S. Afr. j. surg. vol.61 no.3 Cape Town 2023

http://dx.doi.org/10.36303/sajs.4145

EDITORIAL

Early detection of pancreatic adenocarcinoma

Eduard Jonas^I; Martin Brand^II

^ISurgical Gastroenterology Unit, University of Cape Town and Groote Schuur Hospital, South Africa
^IIDepartment of Surgery, University of Pretoria, South Africa

Correspondence

In an article in this edition of the journal Mthunzi et al. report on the geographic distribution of pancreaticobiliary malignancy in central South Africa.¹ The incidence of pancreatic adenocarcinoma (PDAC) that was calculated in clusters according to geographical region seemed to be higher than the incidence in the general South African population. This comparison needs to be interpreted with caution as the diagnoses in the study were made on clinical and radiological grounds, as opposed to the National Cancer Registry (NCR), where the diagnosis is based on histological confirmation.² With only a small proportion of patients with PDAC in South Africa being operated or biopsied, there is significant underestimation of the true incidence, which could have resulted in overestimation of the incidence of PDAC in the cohorts included in the study. In 2020 a total of 502 patients with PDACs were reported into the South African NCR, where it ranked as the 22^nd and 21^st most common tumour forms in males and females, respectively. The study in this issue identified only two PDAC patients with a family history and concluded the need for further research into identifying the obstacles around accurate identification and possibly under-reporting of genetic and familial contributors.¹

The authors are to be commended for contributing to the epidemiology of PDAC in the South African context, as it is a leading cause of cancer death worldwide and the third leading cause of cancer death. The disease is estimated to become the second most common cause of cancer-related death in several countries by 2030.^3,4 The death rate of 11.0 deaths per 100 000 person-years is marginally lower than age-adjusted annual incidence rates of 12.9 cases per 100 000 person-years.⁵ Five-year survival rates in high-income countries (HICs) for metastatic disease, regional disease and localised disease are 2.9%, 12.4% and 37.4%, respectively.⁶ Unfortunately, most patients with PDAC are diagnosed with advanced-stage disease, and only 15%-20% of patients with localised disease will qualify for surgical resection.³ This is because PDAC is notoriously difficult to diagnose in its early stages due to the tumour's subtle initial symptoms. Most patients that present with typical symptoms such as abdominal pain, unintended weight loss, and jaundice have advanced-stage disease.

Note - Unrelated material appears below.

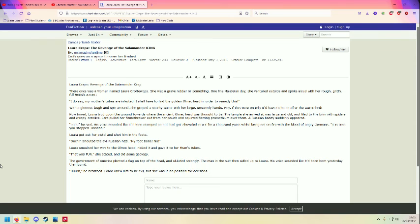A Russian baddie suddenly appeared. Oh guys, it's the rotten baddie. Laro, he said. His voice sounded like it had been stepped on and had grit shoveled into it for a thousand years whilst being set on fire with the blood of angry Germans. It is time you've stopped.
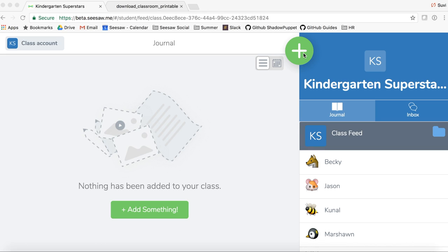Now students are signed into your class. The default is that students are signed in to a shared devices account, meaning all students share devices. So after they add a post to their journal, they tap their name so that post gets added to the correct journal. If you have one-to-one devices in your classroom, teachers can easily change this sign-in mode in the class settings menu by tapping the wrench icon, which allows students to tap their name right as they sign in, and their journal posts automatically go to their correct journal.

As in many other cancer types, early detection of PDAC is the cornerstone of improving outcomes by diagnosing patients with early disease when curative-intended surgery is possible. Achieving this through secondary prevention entails the identification of high-risk populations, successful screening of the population for the presence of the identified risk factors and surveillance of the at-risk population with methods with high sensitivity and specificity for detection of the disease or better, pre-malignant precursor lesions.

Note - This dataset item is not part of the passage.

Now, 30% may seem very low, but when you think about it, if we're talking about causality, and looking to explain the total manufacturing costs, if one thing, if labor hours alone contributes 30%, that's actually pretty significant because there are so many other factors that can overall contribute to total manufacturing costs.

Several risk factors for developing PDAC have been identified, most importantly genetic syndromes and familial predisposition. More than 80% of pancreatic cancers have non-hereditary KRAS somatic mutations.⁷ Of the remaining, between 10% and 15% of PDACs are associated with known inherited mutations and/or familial trends. Of the syndromic risk factors, Peutz-Jeghers syndrome and hereditary pancreatitis, both associated with STK11, PRSS1, SPINK1, CTRC, CFTR, and CDKN2A mutations, have the highest risks for PDAC with relative risks of 132 and 69, respectively.^8,9

Non-genetic risk factors such as tobacco smoking, alcohol overconsumption, chronic type 2 diabetes mellitus, obesity and the presence of chronic pancreatitis (CP) were also identified. A meta-analysis showed that the risk of PDAC in patients diagnosed with CP increased 16-fold within two years of CP diagnosis, and although the risk seemed to decrease over time, patients were still eight times more likely to develop PDAC later.¹⁰

Three precursor lesions of PDAC have been identified. These are pancreatic intraepithelial neoplasms (PanINs), mucinous cystic neoplasms (MCNs), and intra-ductal papillary mucinous neoplasms (IPMNs). The latter two of these are prime targets for surveillance.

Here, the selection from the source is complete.